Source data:
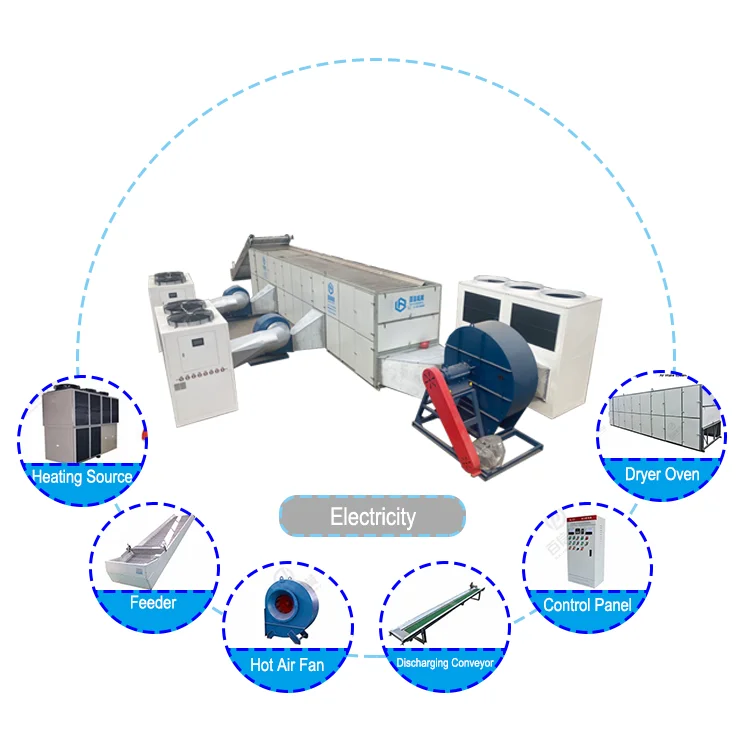 Garlic and Ginger Onion Dryer Machine Carrot Drying Equipment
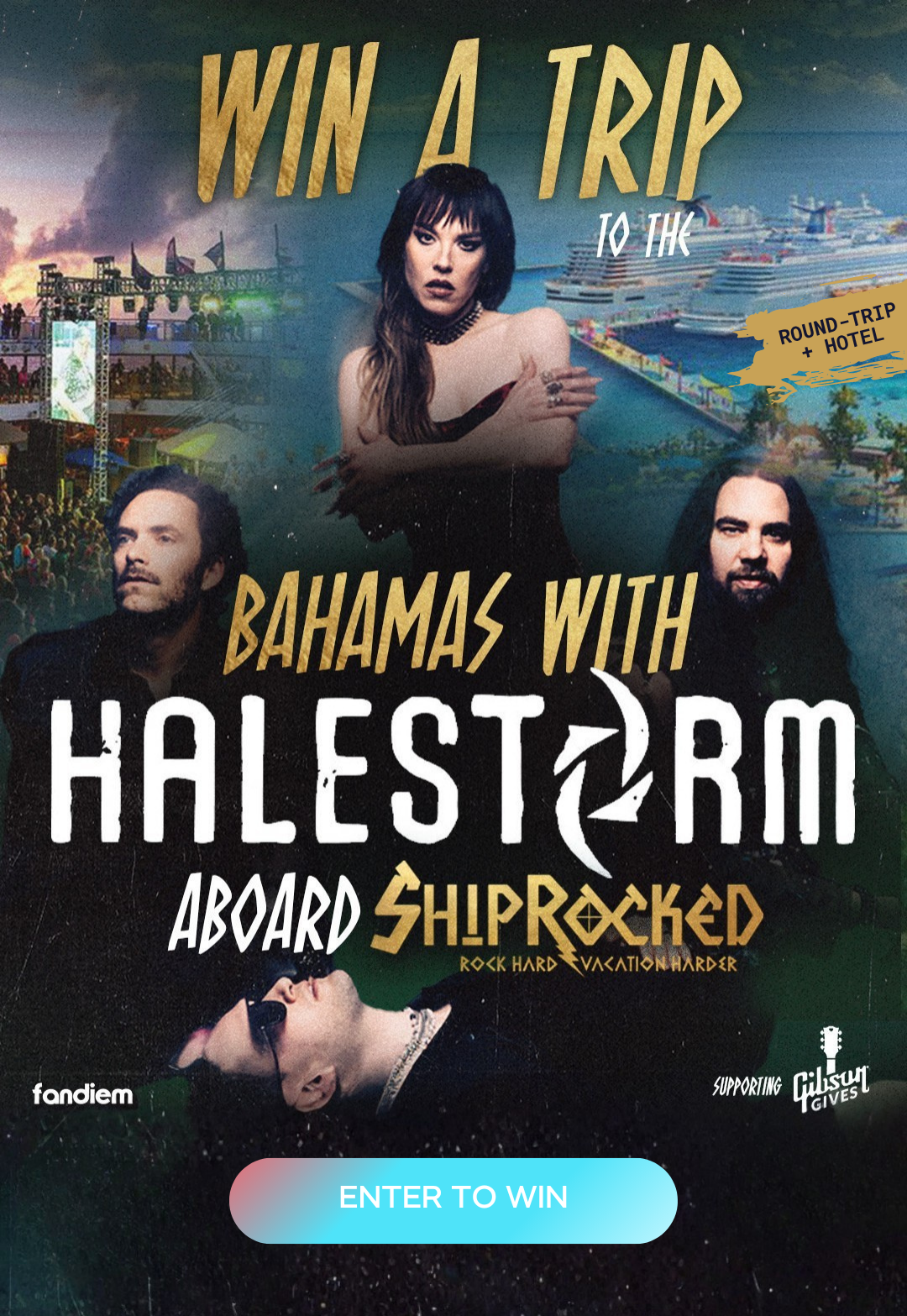 Win a trip to the Bahamas with Halestorm
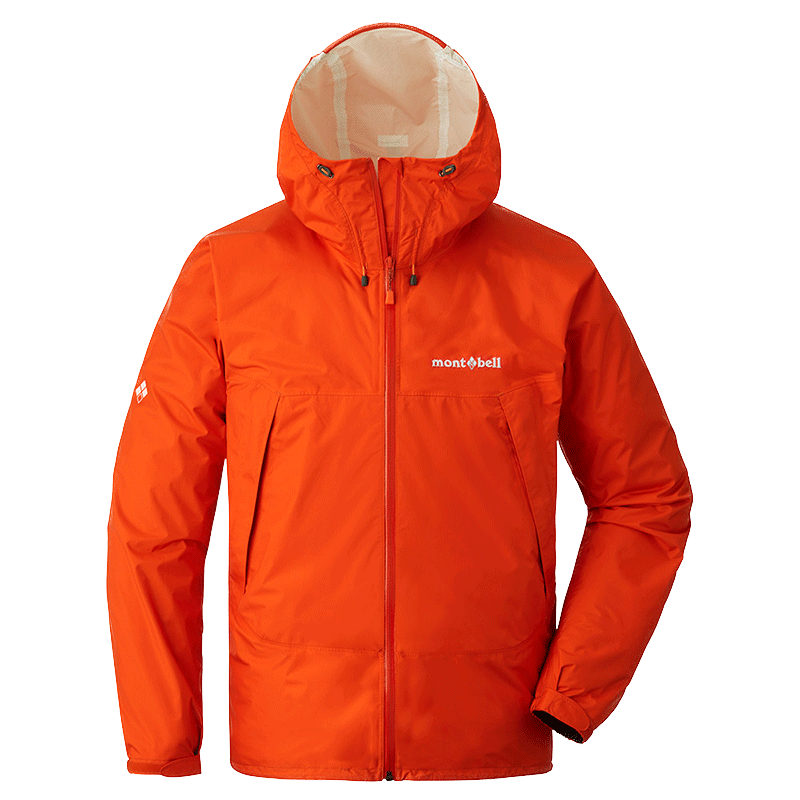 Plus、概率券:mont·bell 单层冲锋衣保暖硬壳上衣 橙红色 L 584.5元（需领券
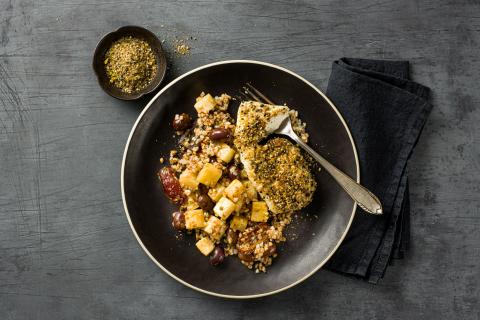 Cod with celeriac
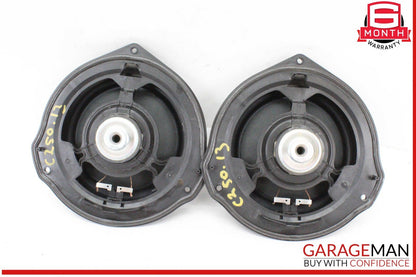 08-14 Mercedes W204 C250 CGI Front Right & Left Door Sound Speakers Set of 2 OEM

**Exercise prompt**
Without any pictures, retype the records above exactly.

**Finished exercise**
 Garlic and Ginger Onion Dryer Machine Carrot Drying Equipment
 Win a trip to the Bahamas with Halestorm
 Plus、概率券:mont·bell 单层冲锋衣保暖硬壳上衣 橙红色 L 584.5元（需领券
 Cod with celeriac
 08-14 Mercedes W204 C250 CGI Front Right & Left Door Sound Speakers Set of 2 OEM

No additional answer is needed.